Print out every record below, exactly as written.

========================================================================

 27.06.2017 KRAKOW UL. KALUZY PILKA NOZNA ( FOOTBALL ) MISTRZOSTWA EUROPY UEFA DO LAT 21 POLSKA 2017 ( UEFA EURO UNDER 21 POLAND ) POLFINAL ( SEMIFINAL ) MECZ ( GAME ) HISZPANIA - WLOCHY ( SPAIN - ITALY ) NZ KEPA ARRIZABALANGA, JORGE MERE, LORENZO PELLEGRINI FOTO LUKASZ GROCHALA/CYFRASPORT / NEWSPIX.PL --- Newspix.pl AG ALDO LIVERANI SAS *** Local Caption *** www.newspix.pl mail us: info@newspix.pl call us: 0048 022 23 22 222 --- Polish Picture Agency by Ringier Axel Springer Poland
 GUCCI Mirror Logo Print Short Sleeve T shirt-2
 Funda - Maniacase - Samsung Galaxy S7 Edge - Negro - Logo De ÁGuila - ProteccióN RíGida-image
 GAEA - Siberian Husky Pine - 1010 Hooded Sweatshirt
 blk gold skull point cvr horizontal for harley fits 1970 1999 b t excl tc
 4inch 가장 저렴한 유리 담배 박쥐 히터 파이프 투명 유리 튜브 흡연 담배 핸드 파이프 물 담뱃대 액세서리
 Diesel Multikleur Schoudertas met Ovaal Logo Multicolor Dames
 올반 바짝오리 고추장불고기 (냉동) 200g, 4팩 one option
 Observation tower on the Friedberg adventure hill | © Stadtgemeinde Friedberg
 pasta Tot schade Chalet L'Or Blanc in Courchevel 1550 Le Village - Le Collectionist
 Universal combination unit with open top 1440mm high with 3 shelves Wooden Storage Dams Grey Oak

========================================================================

Answer to the problem:
 27.06.2017 KRAKOW UL. KALUZY PILKA NOZNA ( FOOTBALL ) MISTRZOSTWA EUROPY UEFA DO LAT 21 POLSKA 2017 ( UEFA EURO UNDER 21 POLAND ) POLFINAL ( SEMIFINAL ) MECZ ( GAME ) HISZPANIA - WLOCHY ( SPAIN - ITALY ) NZ KEPA ARRIZABALANGA, JORGE MERE, LORENZO PELLEGRINI FOTO LUKASZ GROCHALA/CYFRASPORT / NEWSPIX.PL --- Newspix.pl AG ALDO LIVERANI SAS *** Local Caption *** www.newspix.pl mail us: info@newspix.pl call us: 0048 022 23 22 222 --- Polish Picture Agency by Ringier Axel Springer Poland
 GUCCI Mirror Logo Print Short Sleeve T shirt-2
 Funda - Maniacase - Samsung Galaxy S7 Edge - Negro - Logo De ÁGuila - ProteccióN RíGida-image
 GAEA - Siberian Husky Pine - 1010 Hooded Sweatshirt
 blk gold skull point cvr horizontal for harley fits 1970 1999 b t excl tc
 4inch 가장 저렴한 유리 담배 박쥐 히터 파이프 투명 유리 튜브 흡연 담배 핸드 파이프 물 담뱃대 액세서리
 Diesel Multikleur Schoudertas met Ovaal Logo Multicolor Dames
 올반 바짝오리 고추장불고기 (냉동) 200g, 4팩 one option
 Observation tower on the Friedberg adventure hill | © Stadtgemeinde Friedberg
 pasta Tot schade Chalet L'Or Blanc in Courchevel 1550 Le Village - Le Collectionist
 Universal combination unit with open top 1440mm high with 3 shelves Wooden Storage Dams Grey Oak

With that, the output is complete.